濃密な接触が必要な魔力伝達の実験相手を探しに行きたいのに、先輩が邪魔してくる
王立魔術院・研究塔の午後は静かだ。
紙の擦れる音と羽ペンの走る音だけが響いている。
私は先輩の助手をしている。先輩は学院始まって以来の秀才で、すでに多くの論文を発表している超優秀な、研究者だ。
眼鏡の奥の瞳は鋭く、白衣のボタンはすべてとめられている。手元の羽ペンは特注で、インクが切れないようになっているらしい。

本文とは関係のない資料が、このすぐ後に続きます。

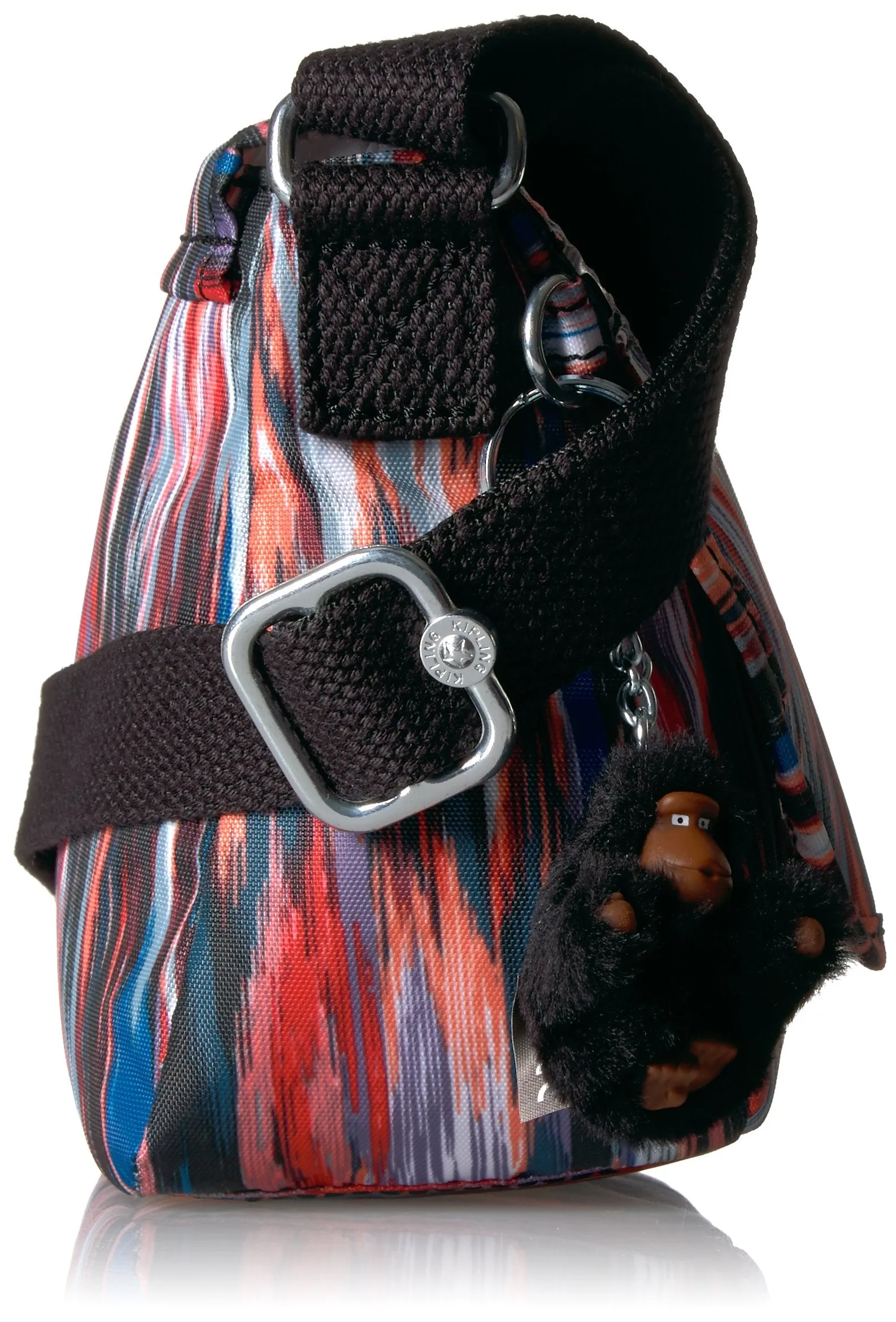 Kipling Sabian Crossbody Mini Bag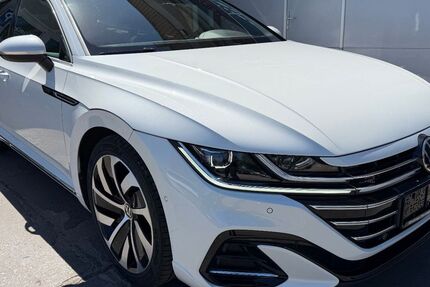 VW Arteon 64.000 km 27.999 &euro; Cottbus 03042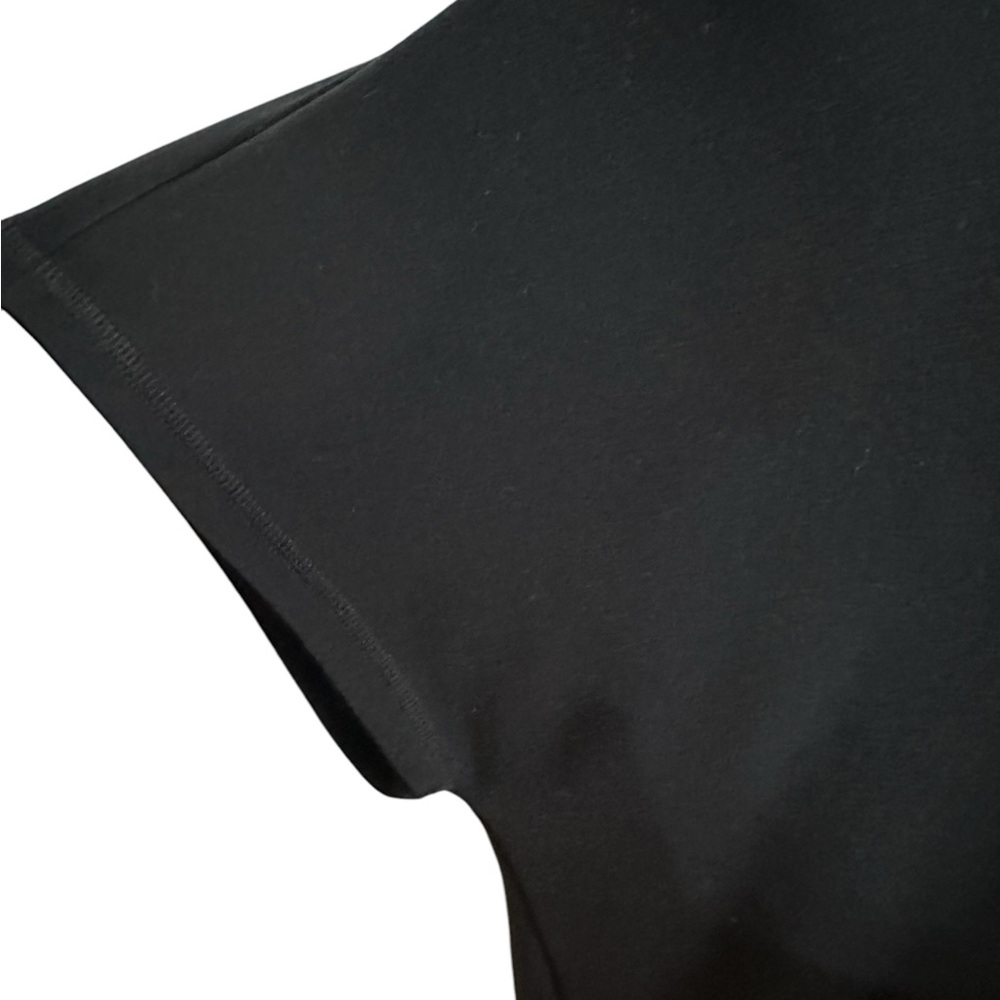 Danskin Black Top Size XL - Picture 7 of 8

節ばった細い指で、癖のある字で、いつものように難しい式を書き連ねている。
固い横顔はよく見ると綺麗で整っているけど、仏頂面で愛想がないので、それに気が付く人は少ない。
その後ろで私は、魔力伝達の実験をしていた。
淡い光の粒が手の周りで揺れて──マウスに触れるとふっと消えた。
「……あれ?」
予定では、消えずにマウスに移るはずだった。
おかしいな、うちの猫には上手く行ったのに。
他に実験できそうな生き物はいないかな、と部屋を見渡す。
この部屋の生き物は、用意した実験用のマウスの他には──先輩しかいない。
(ちょっとだけ、いいかな)
忙しそうなので、声を掛けるのも悪い。
気づかれないように、そっと背中に指を近づける。
淡い光の粒は、私の指先から先輩に移ると、パッと光った。
「!?」
成功した。何なのかな。触れた面積? 場所?
「……僕は忙しい。邪魔をしないでもらえるかな」
振り向いた先輩は、心底迷惑そうな顔をしていた。
「先輩、魔力って、接触すると伝わりやすいんですよね? もしかして、触る場所によって効率が違うんじゃないですか?」
「……君。突然何を言いだすんだ」
「少し試させてください!」
私はひとさし指に魔力を込めて、彼の腕や肩を、ちょん、ちょん、とつついた。
「うーん」
「な、な、」
先輩は協力してくれるのか、動かずにじっとしている。少しぷるぷる震えている気もする。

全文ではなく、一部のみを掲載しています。